Das heißt, dass der SMA 20 unter dem SMA 50 notiert, der wiederum unter dem SMA 100 und dieser unter dem SMA 200. UND, das ist wichtig, alle vier tendieren in Trendrichtung abwärts! Das ist nur dann der Fall, wenn ein Trend äußerst intensiv ist. Seit Anfang September sehen wir beim DAX dieses sehr bärische Bild, nur einmal kurz Anfang Oktober durch einen kurzen „Uptick“ des SMA 20 unterbrochen.

Fallbeispiel S&P 500

Analysieren wir jetzt einfach mal die Lage beim marktbreiten US-Index Standard & Poor’s 500, kurz S&P 500. Wie sähe die Signallage hier für die Crossover-Trader aus?

Wir sehen, dass der S&P 500 noch ein weitaus bullischeres Bild zeigt als der DAX. Der Index war zwar im Oktober durch alle vier SMA, d.h. durch die SMA 20, 50, 100 und 200 gefallen. Aber die SMA an sich stehen noch recht bullisch da. Bis Anfang Oktober lag hier noch ein „bullish straight“ vor. Danach gab es einen bärischen Crossover, indem der SMA 20 unter den SMA 50 rutschte. Aber die anderen Zeitebenen halten noch die Stellung: Die Reihenfolge der SMA 50, 100 und 200 ist noch bullisch.

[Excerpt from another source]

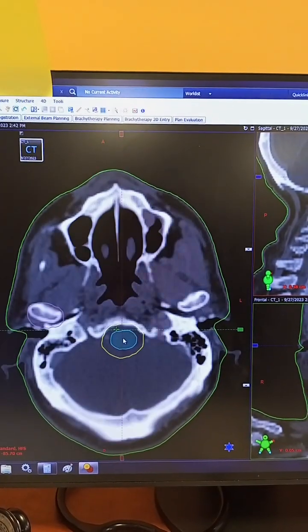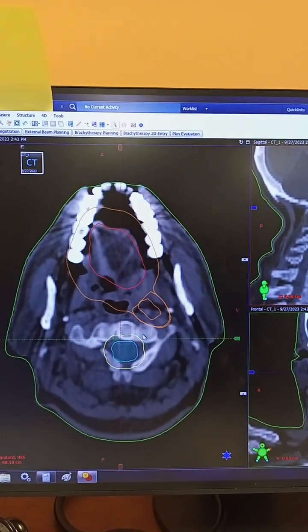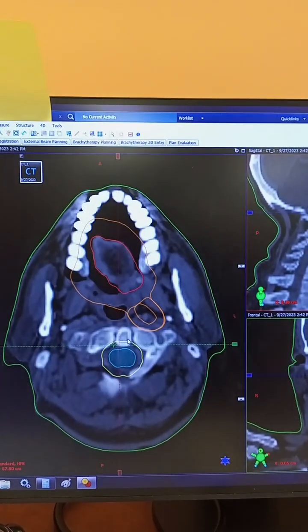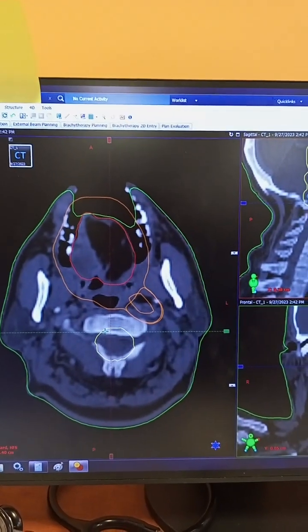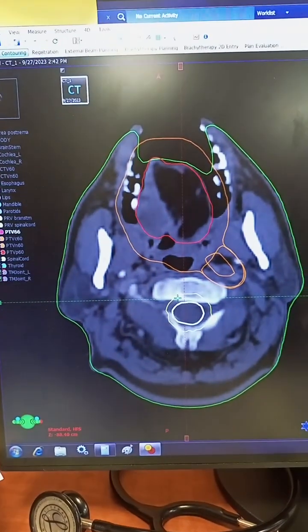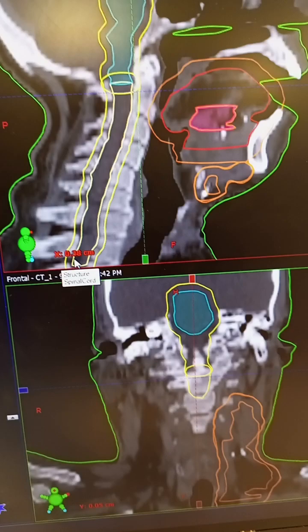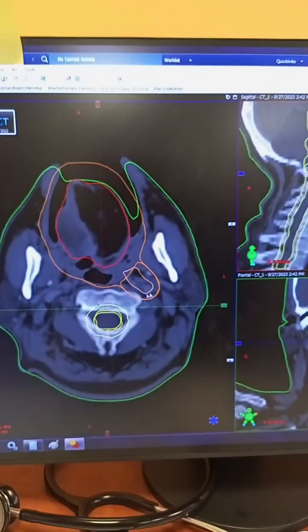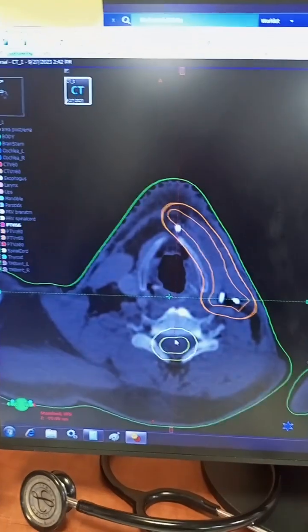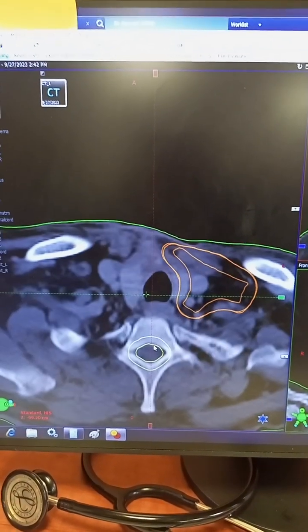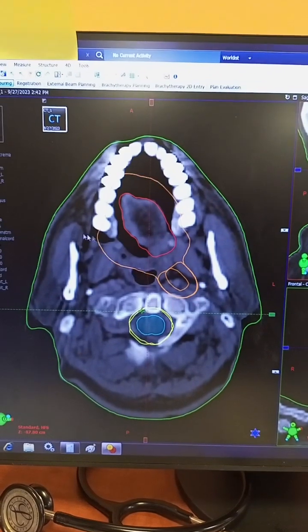The brainstem extends into the spinal cord at the first cervical vertebra — the odontoid process of the atlas and axis. After that we have drawn the spinal cord and its spinal cord PRV. The yellow structure below is the spinal cord and its PRV. We can see the spinal cord running along with its PRV.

Der Index selbst ist aber, wie zu sehen ist, bereits durch die einzelnen SMA hindurch gerutscht. Was als Indikation bedeutet: Würden sich hier jetzt noch weitere Abwärts-Crossover auf den höheren SMA-Zeitebenen einstellen UND würde der S&P 500 wieder unter alle vier SMA fallen, wäre das eine Bestätigung für die Bären. Das würde den Abstieg des Index mit recht hoher Wahrscheinlichkeit in einen zweiten größeren Abwärtsimpuls tragen, weil die Trader auf solche Crossover mit erneuten Short-Trades bzw. der Verstärkung bestehender Short-Positionen reagieren würden.